A month has gone by since the last earnings report for Bank of America (BAC). Shares have lost about 11% in that time frame, underperforming the S&P 500.
Will the recent negative trend continue leading up to its next earnings release, or is Bank of America due for a breakout? Before we dive into how investors and analysts have reacted as of late, let's take a quick look at the most recent earnings report in order to get a better handle on the important catalysts.
BofA's Q2 Earnings Beat on Loan Growth, Cost Control
Loan growth and higher equity issuances drove Bank of America’s second-quarter 2019 earnings of 74 cents per share, which outpaced the Zacks Consensus Estimate of 70 cents. Also, the figure was up 17% from the prior-year quarter.
The results were mainly driven by strong consumer banking division performance. Net interest income growth (driven by higher rates and decent loan growth) majorly supported the top line. Further, despite taking several initiatives including technology upgrades at existing ATMs and branches, and opening new branches, the company was able to manage expenses efficiently.
As expected, investment banking performance was weak as debt underwriting revenues and advisory fees declined, while equity underwriting fees improved. Additionally, equity and fixed income trading was dismal, leading to fall in sales and trading revenues. Further, card fees and service charges decreased.
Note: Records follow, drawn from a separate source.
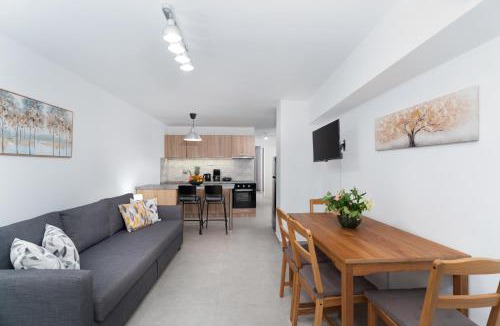 Palaio Faliro Apartment | Maria's Garden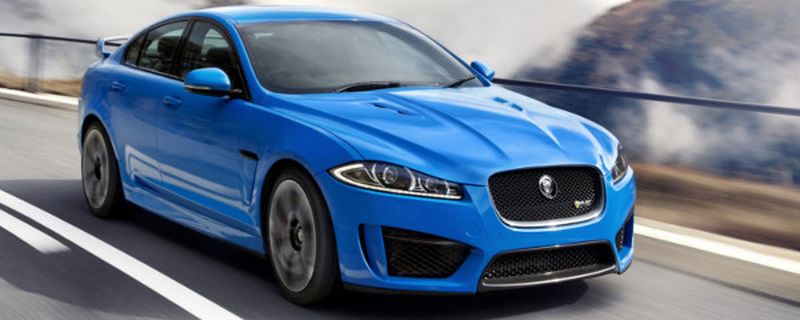 Jaguar präsentiert auf der Los Angeles Auto Show die bislang stärkste und schnellste Limousine seiner Markengeschichte: den 405 kW/ 550 PS starken Jaguar XFR-S.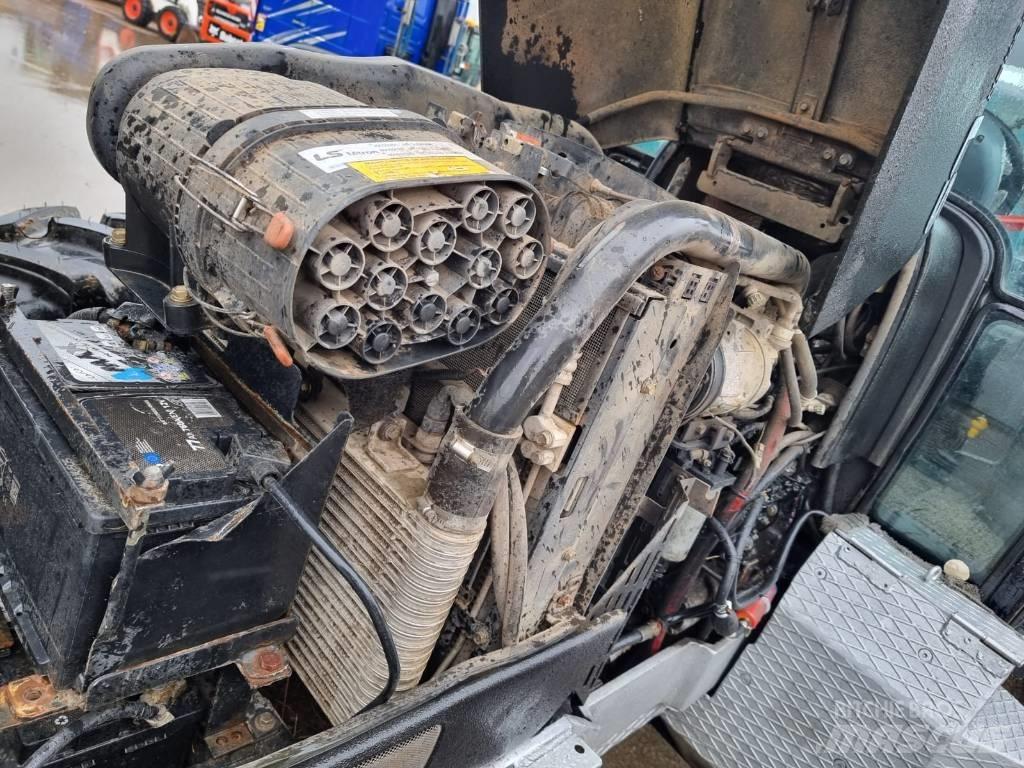 LS Mtron Plus 100 Traktorid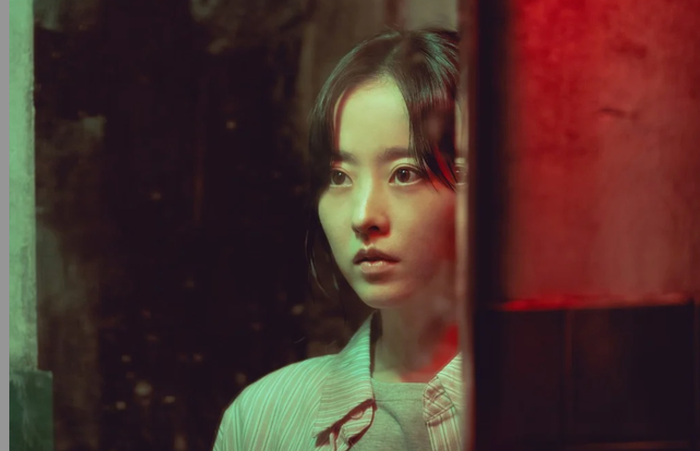 Tác phẩm giật gân - tội phạm xoay quanh Kim Hee Ju (Park Bo Young), nhân viên an ninh sân bay vô tình phát hiện va li chứa số vàng buôn lậu trị giá khổng lồ. Đứng trước cám dỗ lòng tham, cô quyết định mang số vàng bỏ trốn và nhanh chóng trở thành mục tiêu truy sát của nhiều thế lực ngầm liên quan đến sòng bạc thượng lưu Gold Land. Với tiết tấu dồn dập cùng bầu không khí căng thẳng xuyên suốt, bộ phim được xem là một trong những dự án kịch tính nổi bật nhất hiện nay.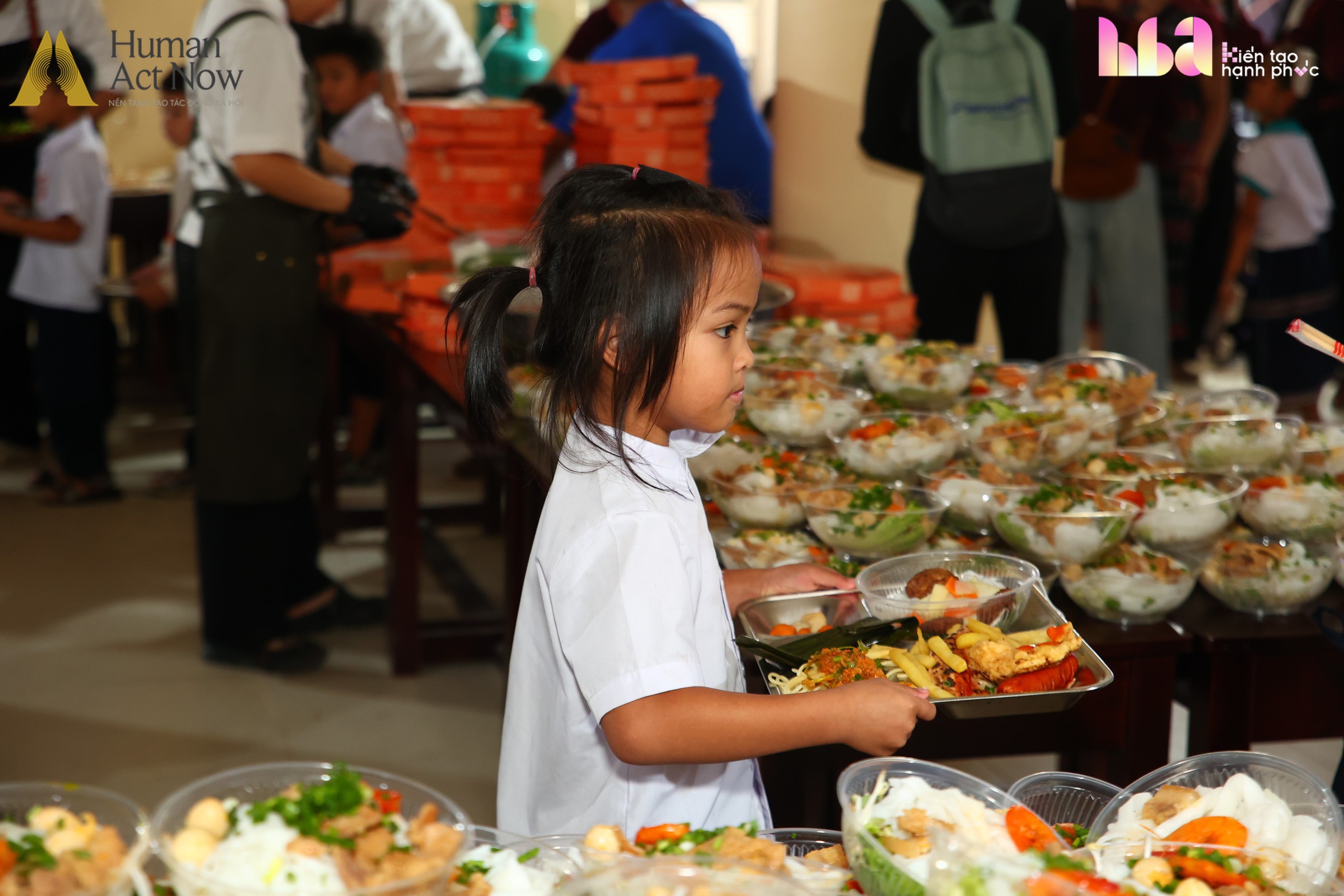 Tết Trung thu chưa từng có ở vùng biên giới giáp Lào: Hàng nghìn người hợp sức làm điều đặc biệt cho 1.700 trẻ em - Ảnh 4.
Moreover, provision for credit losses increased during the reported quarter.
Overall performance of the company’s business segments, in terms of net income generation, was decent. All segments, except Global Markets and Global Banking, witnessed a rise in net income.
Loan Growth Aids Revenues, Expenses Up Slightly
Net revenues amounted to $23.1 billion, which marginally beat the Zacks Consensus Estimate of $23 billion. Also, the reported figure was up 2% on a year-over-year basis.
Net interest income, on a fully taxable-equivalent basis, grew 3% year over year to $12.3 billion, driven by higher rates, and loan and deposit growth. Further, net interest yield was up 3 basis points (bps) to 2.44%.
Non-interest income increased 2% from the year-ago quarter to $10.9 billion.
Non-interest expenses were $13.2 billion, up marginally.
Efficiency ratio was 57.11%, down from 58.25% in the year-ago quarter. Decline in efficiency ratio indicates improved profitability.
Credit Quality: A Mixed Bag
Provision for credit losses increased 4% on a year-over-year basis to $857 million.
However, net charge-offs declined 11% to $991 million, mainly due to recoveries from sales of previously charged-off non-core home equity loans, partly offset by an increase in commercial charge-offs. Further, as of Jun 30, 2019, ratio of non-performing assets ratio was 0.47%, down 19 bps.
Strong Capital Position
The company’s book value per share as of Jun 30, 2019, was $26.41 compared with $24.07 on Jun 30, 2018. Tangible book value per share as of the second-quarter end was $18.92, up from $17.07 a year ago.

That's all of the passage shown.